Implementation of standard api's might differ and can have adverse effects on shared data e.g. memcpy() on ARM is implemented in a unique way internally and i at least remember having a hard time with a bug porting an RTOS to ARM. I don't recall the exact details but those surely can be found with a little search.
Strictly use types and structures aligned by the tool chains. Because alignment and padding for each architecture might be totally different. So you would be in for a surprise if you try indexing values inside a struct using pointer / array indexing.

Question 2

Besides the issues in Fayyazki's answer there are several additional hurdles to the arrangement you describe.

Synchronisation: In all likelihood, you will need a pair of doorbell interrupts so that the CPU and DSP can interrupt each other to notify each other of communication.
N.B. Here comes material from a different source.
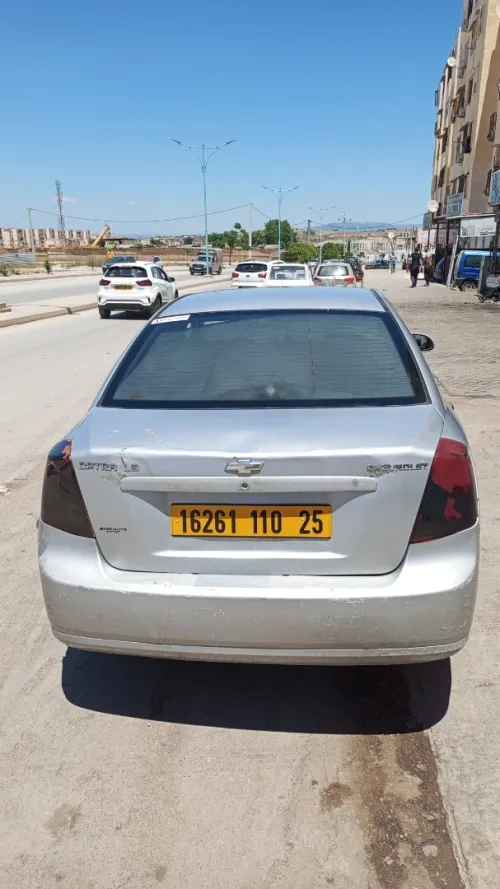 Chevrolet Optra 5 portes 2010 La tout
The alternative is polling - which is unlikely to result in high throughput.
Atomicity: Writing multi-word structures (e.g. C++ classes) to shared memory is problematic as you have none of the synchronisation mechanisms you might use in other circumstances such as bus-locking or disabling interrupts. You could use spin-locks to control read and write access if you insist on writing multiword structures to the shared memory. Controlling the memory packing of your structures may in fact result in more multi-word accesses.
Concurrent memory access - if you are using true multi-port SRAM, concurrent writes on the same address will be non-predictable. You therefore don't do this.
Memory/instruction order barriers: You will need to use memory barriers to ensure that writes are observed on the memory bus in the order you expect (many Cortex A-series ARM CPUs have out-of-order execution and store behaviour). This is in addition to either making the address range of the memory uncachable or flushing the cache.

By far the easiest approach to implementing communications between the two processors is to use a ring buffer in which the writing head and tail pointers are the natural word-size of the memory and are maintained by the writing processor and reading processor respectively. You will need barrier (both memory and instruction order) after writing data to the buffer and updating the head pointer to ensure writes into the buffer are observed by memory before updating the head pointer. Reads work in reverse.

Question 3

ARM's weakly-ordered memory model means you'll likely have to be very careful with synchronisation and coherency if you're using cacheable memory - if this is the case I'd recommend a thorough read of the brain-melting memory model chapters of the ARM ARM (and possibly the barriers appendix).

Also, if the two processors have different views of the same memory (à la Raspberry Pi), then having pointers in the shared data could be fun*...

_{* for some given value of "fun"}